All the Money in the World

We need to talk about Kevin.

Kevin Spacey is a fine actor who has been accused (accused, mind you) of some pretty unpleasant behaviour. As a consequence, he has become an un-person, an ex-actor, a non-celebrity, one of the disappeared; if you would seek his works, don’t look around you because you won’t find them. His role as Grandpa Getty has been erased, wiped, like a disgraced Politburo member in Stalin’s Russia, and replaced by Christopher Plummer.

Unlike Spacey, who was about 30 years too young and required hours of make-up (like Gary Oldham as Churchill), Plummer is the right age (ancient), and has the advantage that he actually resembles Getty pere.
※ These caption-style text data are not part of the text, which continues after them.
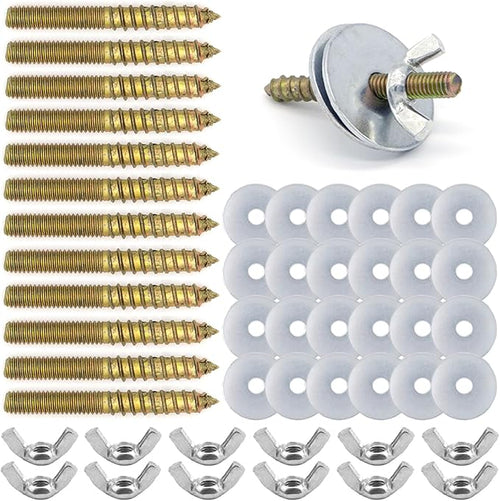 12 Sets Bird Cage Screws Bird Perch Stand Platform Accessories 24 Washers 12 by Unknown
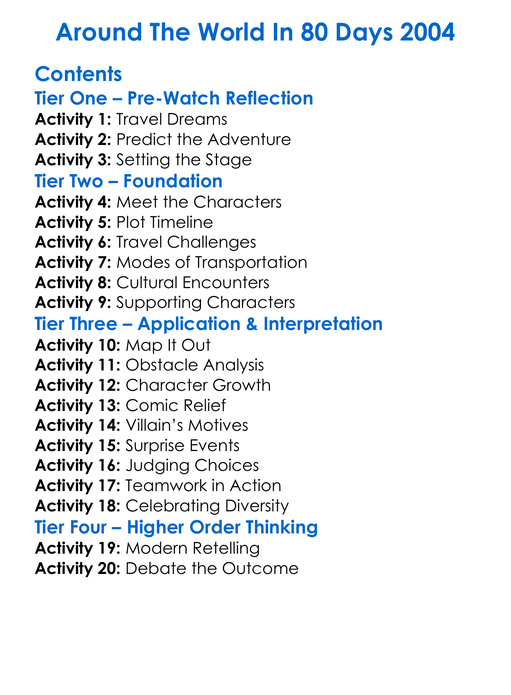 Around The World In 80 Days 2004 Worksheet Activity Booklet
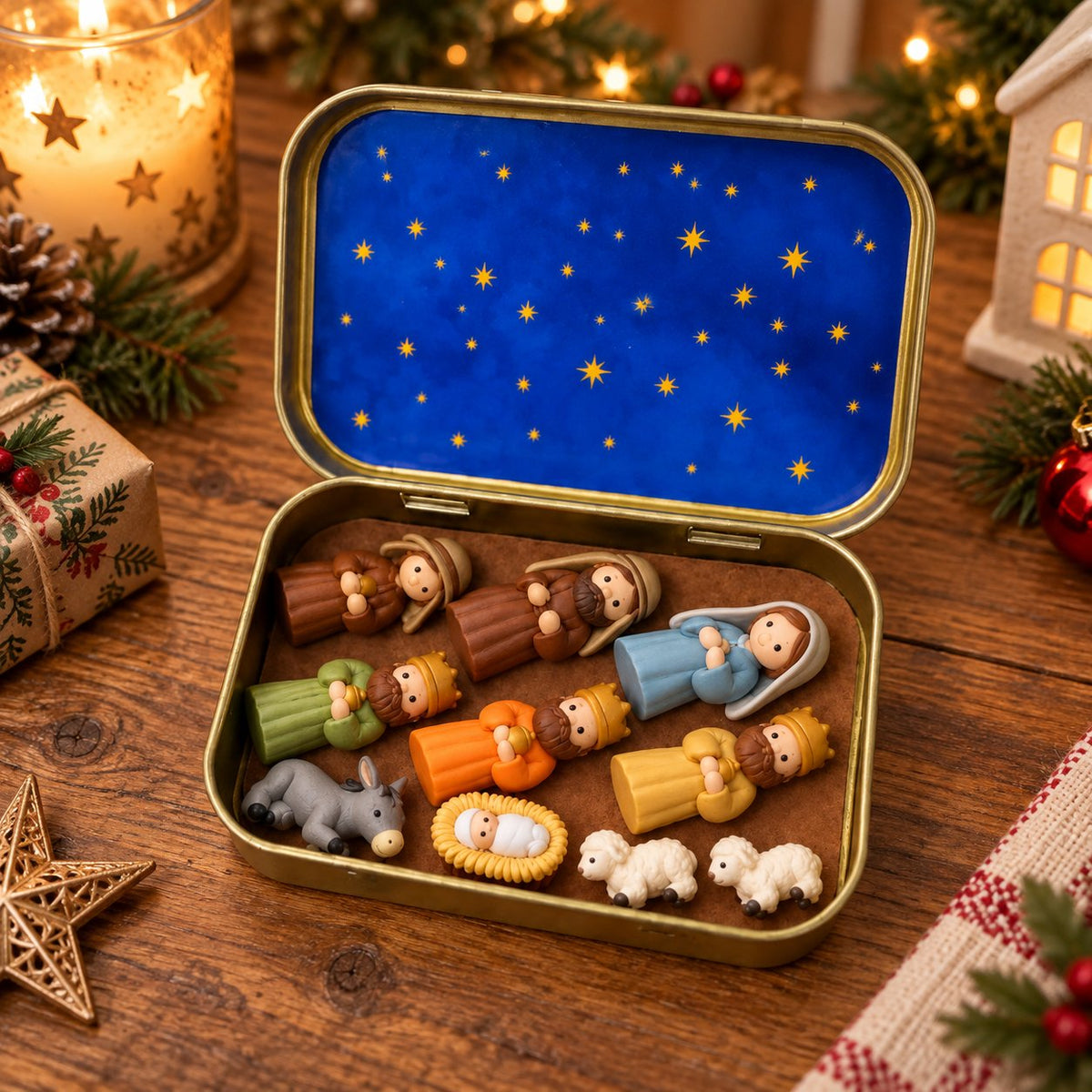 ✝️ Mini-boîte souvenir « Nativité » — Ensemble de poche de la Sainte Famille pour Noël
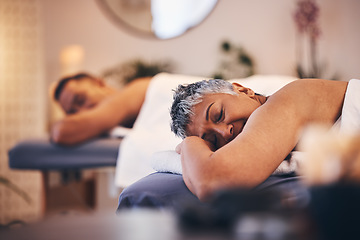 Image showing Mature couple, massage or spa date in relax hotel salon, healthcare wellness clinic or skincare beauty retreat. Woman, man or lying customer in aromatherapy treatment, stress management or self care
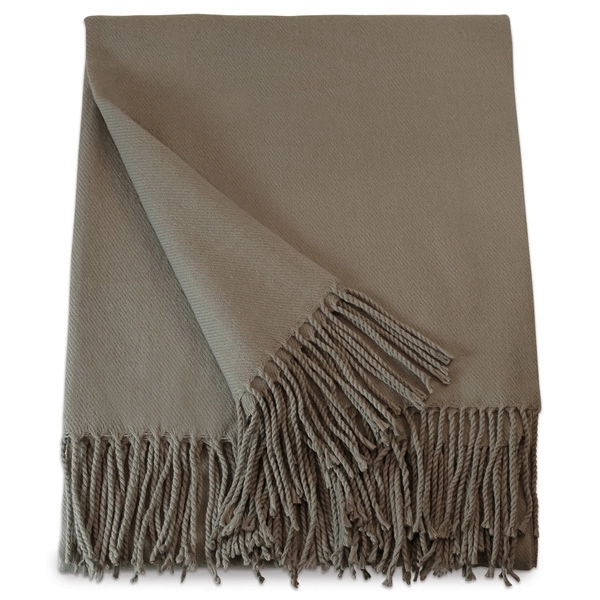 Cashmere-like grey acrylic throw blanket with 3" rope fringe on two... from ASI 98085 Wolfmark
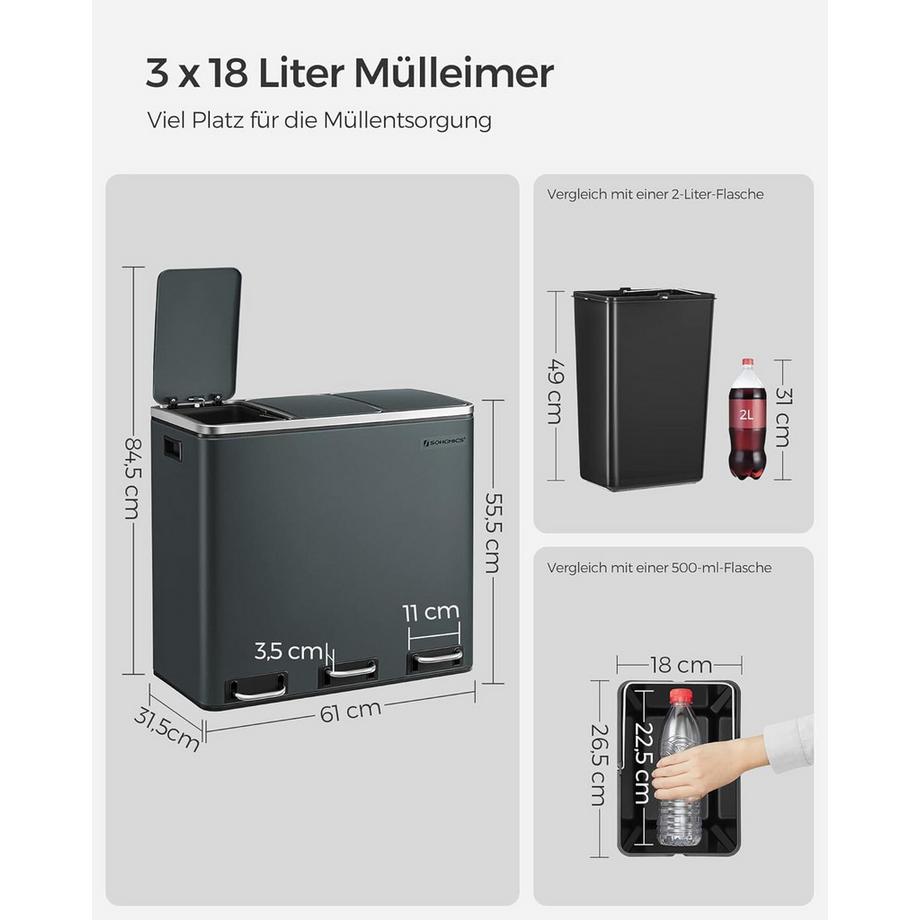 Songmics Küchenmülleimer Trennsystem  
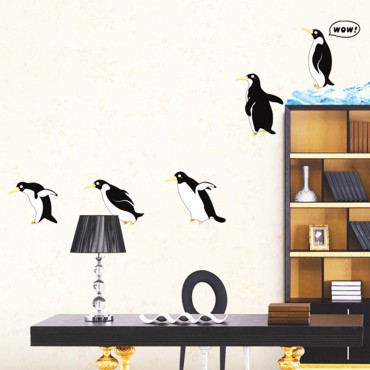 Jumping Penguin Wall Decal Sticker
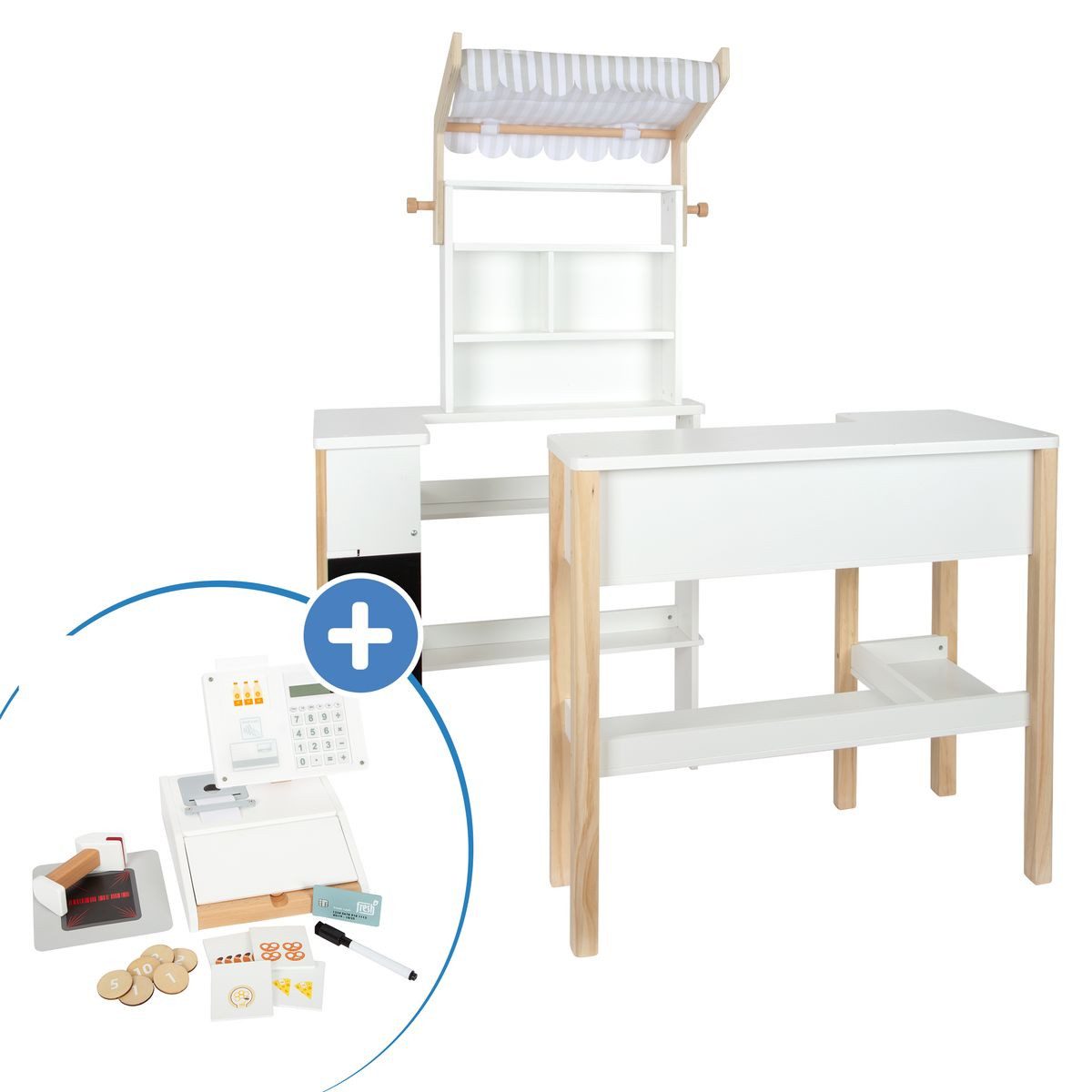 Small Foot Kaufladen Fresh -Weiß, Kinder Spielkaufladen Set mit Kaufladen und Kasse ab 3 Jahren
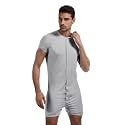 Mens Short Sleeve Onesie Pajamas Sexy Lounge One Piece Jumpsuit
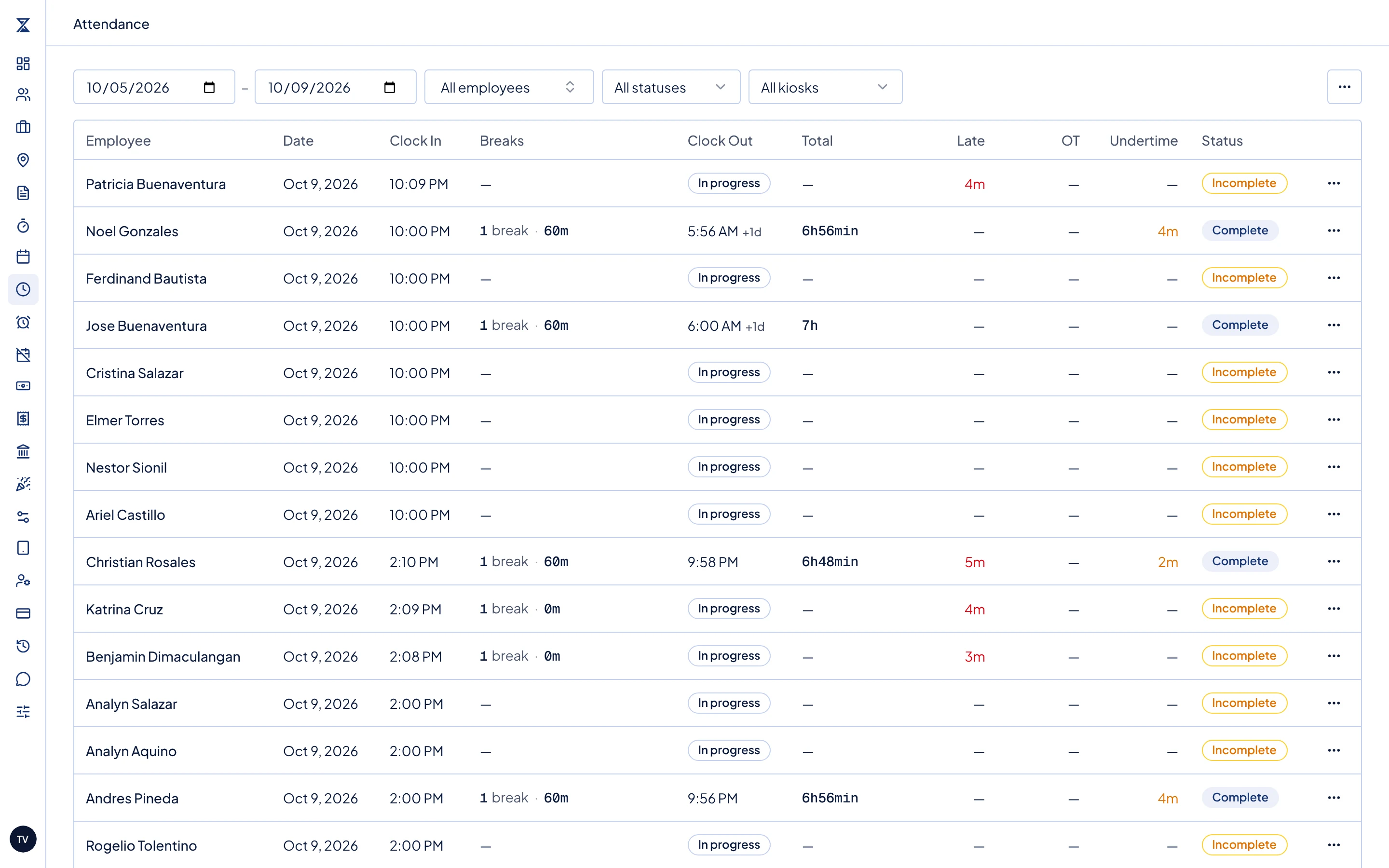 The Attendance page with the date, employee, status and kiosk filters above the table.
However, there is an odd flashback scene set in Saudi Arabia in 1948 where Plummer looks exactly the same as he does in 1973 – I guess make-up artists can make young people look old but there ain’t nothing in the world can make an old person look young – just look at the passengers on any cruise.

Leaving aside whether this re-shooting of history was entirely necessary or appropriate, it had the great advantage of generating massive publicity for what is really a pretty average film.

The main trouble with the film is that there is no real tension. Anyone of a certain age will remember the Getty kidnap – it was a cause celebre at the time – and they will know that he survived, albeit sans ear. For those who are too young to remember, why should they care? Teenage boy is kidnapped, family pays ransom, gets boy back (sans ear) and er…that’s it.

The difference, I suppose, is that they’re Gettys. ‘He is not just the richest man in the world,’ drools the voice-over, ‘he is the richest man in the history of the world.’ A claim that, although no doubt true at the time, now rings a little hollow in these times of Bill Gates and Warren Buffet and the Waltons, Mark Zuckerberg, Jeff Bezos, Pewdiepie, et al. ‘Oil money is old money, darling, it’s so passe.’

‘The rich are different from you and I,’ said Scott Fitzgerald famously to Ernest Hemingway. ‘Yes,’ said Hemingway, ‘they have more money.’ And so the Gettys are just like us, but with more money; they are unpleasant and unlikeable, grasping and gasping, venal, drug-addled, fond of dogs, rude to servants, avaricious for its own sake, obsessed with money, aloof from the world except when it intrudes. Old man Getty has a phone box in his house so that guests who want to make a phone call have to use that instead of putting it on his bill. I remember that from the time; it’s one of the few things one remembers about the Getty’s – had money, founded museum, lost ear, all had the same name (never knew why), kept phone box in hall.

And as none of the characters are sympathetic or likeable it’s hard to care too much about them or what happens to them.

Mark Wahlberg has a curious role as Fletcher Chase (this is such an unlikely name that it must be true), a sort of fixer and deal-maker for Getty pere. Curious, as his character never comes to life, never seems to do much or say much or contribute much. For a few fleeting moments it seems that he and Abigail Getty, kidnapee Paul’s mother, estranged wife of wastrel J Paul Getty ll and daughter-in-law of old man Getty, will get it on but they don’t, and the relationship just peters out.

As a curious aside, J Paul Getty ll (the wastrel) is played by Andrew Buchan, that bloke off Broadchurch, you know Danny’s father (the one who got murdered) – I mean Danny got murdered, not the father – if you follow. He does his best to look drunk, stoned and miserable for much of the time; easy if you know how.

Charlie Plummer (uncoincidentally, no relation) as the kidnapped Paul doesn’t have a great deal to do except lie on his kidnap bed with matted hair and look miserable and then act the loss of his ear, which he does passably well. Michelle Williams as Abigail Getty also does her best but never really takes flight. And as for Plummer – well, you can’t see the join in the re-shot scenes, he does look like Getty and he plays the mean-spirited, avaricious miser as if he means it.

It’s not a bad film; it moves along quite well, Ridley Scott knows what he’s doing; it’s just that it’s hard to see much of a reason for making it and it’s hardly up there among Scott’s canon of great films – Alien, Gladiator, Blade Runner.

Perhaps, ultimately, what it misses is Kevin Spacey and I think Scott knows that which is why he re-shot it with Plummer – without the Spacey scandal I wouldn’t have bothered to see it. And even with it, I’m not sure why I bothered.